I get the impression from talking to people who work professionally on reducing ai x-risk (largely taken, would include doing ops for FLI) that less than half of them could give an accurate and logically sound model of where ai x-risk comes from and why it is good that they do the work they do (bonus points if they can compare it to other work they might be doing instead). I’m generally a bit disappointed by this because to me it doesn’t seem that hard to get everyone who’s a professional knowledgeable on the basics, and it seems worthwhile as more people could be autonomous in assessing strategic decisions and making sure implementation of plans serves the right aims.
An example of why having a model of x-risk and directions for reducing it matters : Imagine you’re an ops person with money to organize a half-day conference. What do?
What city to choose, which participants to invite?
If you have no model of anything, I guess you can copycat—do a small scale EAG-like event for AI Safety people, or do a scientific conference like thing. That’s okay, probably not a total waste of money (except to the extent you don’t know ai safety theory, it’s possible to do counter-productive actions like giving a platform to the wrong people).
Imagine you have the following simple model :
- AI is being improved by people
- If deployed with the current alignment tech and governance level, powerful autonomous AGI could have convergent instrumental goals that lead to takeover (sharp left turn models) or large scale deployment of AGI in society can eek out human influence (Out with a Whimper or Multipolar Failure)
- Thus we should do actions that get us the best alignment tech and governance level by the time anyone is able to train and deploy dangerous IA systems.
- This means we could do actions that
- - Slow down dangerous AI development
- - Accelerate alignment tech development
- - Accelerate getting a good level of governance
Each of these need sub-models (all interlinked), let’s detail a simple one for governance
Things that accelerate getting a good level of governance
- Better knowledge and models of ai x-risk (scenario+risk planning), demonstrations of precursors (model organisms of misalignment, ..), increasing scientific consensus about the paths to avoid
- Spreading the above knowledge to the general public (to have politicians be supported in economy-limiting policy)

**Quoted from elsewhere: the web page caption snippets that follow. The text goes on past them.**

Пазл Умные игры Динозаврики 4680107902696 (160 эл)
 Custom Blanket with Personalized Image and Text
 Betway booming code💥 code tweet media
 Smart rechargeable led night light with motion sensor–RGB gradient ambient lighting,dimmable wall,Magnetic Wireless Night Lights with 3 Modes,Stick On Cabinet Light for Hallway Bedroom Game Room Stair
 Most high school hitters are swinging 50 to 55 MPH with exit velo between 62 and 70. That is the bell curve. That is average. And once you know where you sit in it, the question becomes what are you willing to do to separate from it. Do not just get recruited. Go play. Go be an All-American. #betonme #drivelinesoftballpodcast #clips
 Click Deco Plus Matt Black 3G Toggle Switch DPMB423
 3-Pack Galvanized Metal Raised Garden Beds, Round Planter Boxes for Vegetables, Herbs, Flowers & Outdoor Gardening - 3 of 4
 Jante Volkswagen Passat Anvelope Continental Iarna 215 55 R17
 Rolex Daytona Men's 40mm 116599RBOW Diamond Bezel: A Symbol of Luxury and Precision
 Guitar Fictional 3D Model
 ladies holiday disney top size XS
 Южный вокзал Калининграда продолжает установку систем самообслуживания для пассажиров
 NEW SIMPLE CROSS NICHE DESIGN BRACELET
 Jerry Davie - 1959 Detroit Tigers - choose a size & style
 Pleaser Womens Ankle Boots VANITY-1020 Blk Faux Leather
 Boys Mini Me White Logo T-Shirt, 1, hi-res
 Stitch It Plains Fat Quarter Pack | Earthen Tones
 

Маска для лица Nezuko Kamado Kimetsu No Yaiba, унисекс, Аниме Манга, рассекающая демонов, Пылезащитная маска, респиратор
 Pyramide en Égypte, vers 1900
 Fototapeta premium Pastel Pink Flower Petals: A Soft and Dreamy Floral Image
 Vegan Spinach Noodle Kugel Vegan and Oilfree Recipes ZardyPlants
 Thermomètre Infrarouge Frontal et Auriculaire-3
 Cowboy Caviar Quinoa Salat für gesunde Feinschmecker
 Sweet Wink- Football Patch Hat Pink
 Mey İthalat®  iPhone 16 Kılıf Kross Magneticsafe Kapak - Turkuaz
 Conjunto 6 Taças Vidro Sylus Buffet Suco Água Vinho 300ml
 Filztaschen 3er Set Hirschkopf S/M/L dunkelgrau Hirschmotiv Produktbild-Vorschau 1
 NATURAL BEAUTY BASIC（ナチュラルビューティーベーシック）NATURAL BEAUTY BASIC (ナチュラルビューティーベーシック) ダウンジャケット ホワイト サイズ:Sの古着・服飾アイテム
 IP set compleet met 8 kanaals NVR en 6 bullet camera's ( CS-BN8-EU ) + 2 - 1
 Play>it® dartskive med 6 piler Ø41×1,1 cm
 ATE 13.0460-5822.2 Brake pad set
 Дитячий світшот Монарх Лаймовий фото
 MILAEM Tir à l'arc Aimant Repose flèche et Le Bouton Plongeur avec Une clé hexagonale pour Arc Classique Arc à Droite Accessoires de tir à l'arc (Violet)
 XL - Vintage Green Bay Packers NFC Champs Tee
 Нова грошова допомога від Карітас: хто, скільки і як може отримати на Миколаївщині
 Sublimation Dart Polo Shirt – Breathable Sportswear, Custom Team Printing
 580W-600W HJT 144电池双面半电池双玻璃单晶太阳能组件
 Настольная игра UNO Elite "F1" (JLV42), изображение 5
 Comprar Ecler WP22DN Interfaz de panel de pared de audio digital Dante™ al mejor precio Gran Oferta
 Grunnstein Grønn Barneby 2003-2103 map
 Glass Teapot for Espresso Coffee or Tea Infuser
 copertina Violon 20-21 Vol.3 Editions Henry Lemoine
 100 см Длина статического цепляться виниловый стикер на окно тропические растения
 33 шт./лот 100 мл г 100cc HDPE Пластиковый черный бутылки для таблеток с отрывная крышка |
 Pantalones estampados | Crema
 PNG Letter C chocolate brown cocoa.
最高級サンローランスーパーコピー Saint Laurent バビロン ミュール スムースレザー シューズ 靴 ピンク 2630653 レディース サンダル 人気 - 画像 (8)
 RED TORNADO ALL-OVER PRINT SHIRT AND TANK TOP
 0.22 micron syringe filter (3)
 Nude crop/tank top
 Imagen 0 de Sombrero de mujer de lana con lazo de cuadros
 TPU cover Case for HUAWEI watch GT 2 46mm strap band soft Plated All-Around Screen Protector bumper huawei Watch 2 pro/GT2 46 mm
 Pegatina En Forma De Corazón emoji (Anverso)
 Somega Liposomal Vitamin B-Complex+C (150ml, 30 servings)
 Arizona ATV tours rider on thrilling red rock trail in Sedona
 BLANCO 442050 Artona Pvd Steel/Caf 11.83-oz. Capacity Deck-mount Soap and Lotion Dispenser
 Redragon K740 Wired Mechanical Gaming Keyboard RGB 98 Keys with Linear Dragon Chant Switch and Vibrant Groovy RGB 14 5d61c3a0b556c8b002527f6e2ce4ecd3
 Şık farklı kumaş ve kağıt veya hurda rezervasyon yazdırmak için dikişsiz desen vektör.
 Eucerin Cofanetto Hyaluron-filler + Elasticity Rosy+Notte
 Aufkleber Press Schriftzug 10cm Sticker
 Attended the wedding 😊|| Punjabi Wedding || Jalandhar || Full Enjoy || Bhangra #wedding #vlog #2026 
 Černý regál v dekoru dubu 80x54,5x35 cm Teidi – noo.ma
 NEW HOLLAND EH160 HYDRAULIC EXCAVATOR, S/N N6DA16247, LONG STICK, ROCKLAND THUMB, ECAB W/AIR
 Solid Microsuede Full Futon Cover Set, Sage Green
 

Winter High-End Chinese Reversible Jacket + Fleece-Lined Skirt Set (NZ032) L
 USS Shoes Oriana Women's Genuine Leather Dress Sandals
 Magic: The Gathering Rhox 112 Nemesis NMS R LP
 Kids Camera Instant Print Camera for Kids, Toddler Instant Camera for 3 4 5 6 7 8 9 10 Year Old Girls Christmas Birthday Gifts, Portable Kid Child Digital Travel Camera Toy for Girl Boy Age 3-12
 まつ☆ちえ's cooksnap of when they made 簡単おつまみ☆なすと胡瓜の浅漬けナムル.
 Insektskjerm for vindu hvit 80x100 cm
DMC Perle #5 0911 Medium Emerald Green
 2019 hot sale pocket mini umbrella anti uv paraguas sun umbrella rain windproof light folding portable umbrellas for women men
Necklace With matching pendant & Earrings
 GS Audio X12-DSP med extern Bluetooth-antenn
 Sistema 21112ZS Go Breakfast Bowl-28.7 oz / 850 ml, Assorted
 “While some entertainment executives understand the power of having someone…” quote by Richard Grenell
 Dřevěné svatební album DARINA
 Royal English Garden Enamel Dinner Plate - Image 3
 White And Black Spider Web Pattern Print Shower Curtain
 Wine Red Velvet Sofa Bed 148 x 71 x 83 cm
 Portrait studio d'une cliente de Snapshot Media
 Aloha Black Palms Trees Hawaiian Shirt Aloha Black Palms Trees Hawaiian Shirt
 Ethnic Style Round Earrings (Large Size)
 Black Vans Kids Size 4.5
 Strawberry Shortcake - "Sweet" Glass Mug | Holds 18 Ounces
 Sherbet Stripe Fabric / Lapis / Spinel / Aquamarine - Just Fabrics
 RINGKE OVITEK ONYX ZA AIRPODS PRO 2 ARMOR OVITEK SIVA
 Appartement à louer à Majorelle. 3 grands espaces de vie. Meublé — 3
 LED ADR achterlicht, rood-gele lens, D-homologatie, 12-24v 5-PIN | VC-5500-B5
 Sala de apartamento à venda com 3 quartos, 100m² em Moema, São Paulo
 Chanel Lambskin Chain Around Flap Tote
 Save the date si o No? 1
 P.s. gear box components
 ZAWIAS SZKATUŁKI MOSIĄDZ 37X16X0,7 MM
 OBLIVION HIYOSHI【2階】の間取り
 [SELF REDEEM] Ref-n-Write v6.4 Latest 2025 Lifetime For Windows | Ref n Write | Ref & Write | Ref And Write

- Spreading the above knowledge to policy-makers
- Having technically competent people write increasingly better policy proposals (probably stuff leading to international regulation of dangerous AI)
Now that you have these, it’s much easier to find a few key metrics to optimize for your ops event. Doing it really well might include you talking to other event organizers to know what has and hasn’t been done, what works, what’s been neglected etc, but even without all that you can decide to act on:
Improvement in attendees’ knowledge and models of AI x-risk
Pre-event and post-event surveys or informal conversations to gauge attendees’ understanding of AI risk scenarios and mitigation strategies.
Structure the event with interactive sessions explicitly designed to clarify AI x-risk models, scenario planning, and concrete policy implications.
Potential reach for disseminating accurate AI safety knowledge
Choose guests who have strong networks or influence with policy-makers, academics, or public media.
Select a location close to influential governmental bodies or major media centers (e.g., Washington D.C., Brussels, or Geneva).
(I realize now that I wrote a full example that this might have been a mini post to serve as short reference, a wireframe for thinking through this, please reply if you think a cleaned up version of this would be good)
To get back to my original point, it’s currently my impression that many who work in AI x-risk reduction, for example in ops, could not produce a “good” version of this above draft even with 2 hours of their time because of lacking background knowledge. I hope the above example sufficiently illustrates that they could be doing better work if they did.